AIM OF THE EXERCISE ->
For this exercise, report every line of the material that includes "Halter".

# # # #

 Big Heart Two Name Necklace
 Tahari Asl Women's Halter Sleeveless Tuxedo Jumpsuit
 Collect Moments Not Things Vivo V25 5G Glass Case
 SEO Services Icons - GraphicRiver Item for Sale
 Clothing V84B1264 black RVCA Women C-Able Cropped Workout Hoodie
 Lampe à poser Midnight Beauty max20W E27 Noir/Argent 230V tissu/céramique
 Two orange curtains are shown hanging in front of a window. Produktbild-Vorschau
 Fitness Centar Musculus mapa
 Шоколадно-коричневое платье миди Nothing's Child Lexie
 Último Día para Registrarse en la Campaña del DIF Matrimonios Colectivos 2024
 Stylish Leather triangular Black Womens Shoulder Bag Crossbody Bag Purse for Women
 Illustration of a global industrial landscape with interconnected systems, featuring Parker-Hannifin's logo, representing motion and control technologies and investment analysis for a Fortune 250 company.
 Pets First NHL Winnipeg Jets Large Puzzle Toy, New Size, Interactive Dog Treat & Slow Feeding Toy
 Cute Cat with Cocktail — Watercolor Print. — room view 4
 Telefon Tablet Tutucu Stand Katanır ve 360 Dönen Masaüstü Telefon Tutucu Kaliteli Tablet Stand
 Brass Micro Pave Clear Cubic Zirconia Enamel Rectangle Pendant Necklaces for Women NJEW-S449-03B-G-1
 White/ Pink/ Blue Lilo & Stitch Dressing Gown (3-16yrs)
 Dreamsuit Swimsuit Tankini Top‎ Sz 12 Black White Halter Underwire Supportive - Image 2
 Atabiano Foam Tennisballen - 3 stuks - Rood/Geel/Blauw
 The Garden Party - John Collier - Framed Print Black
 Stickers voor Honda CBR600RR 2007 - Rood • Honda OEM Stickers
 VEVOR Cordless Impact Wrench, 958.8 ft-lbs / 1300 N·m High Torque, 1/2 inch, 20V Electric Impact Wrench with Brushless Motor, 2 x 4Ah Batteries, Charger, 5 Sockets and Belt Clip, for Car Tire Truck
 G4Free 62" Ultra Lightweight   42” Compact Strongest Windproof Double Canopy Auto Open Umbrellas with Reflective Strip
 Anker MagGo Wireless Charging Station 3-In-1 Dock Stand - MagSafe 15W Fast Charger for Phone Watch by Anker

# # # #

EXPECTED ANSWER ->
 Tahari Asl Women's Halter Sleeveless Tuxedo Jumpsuit
 Dreamsuit Swimsuit Tankini Top‎ Sz 12 Black White Halter Underwire Supportive - Image 2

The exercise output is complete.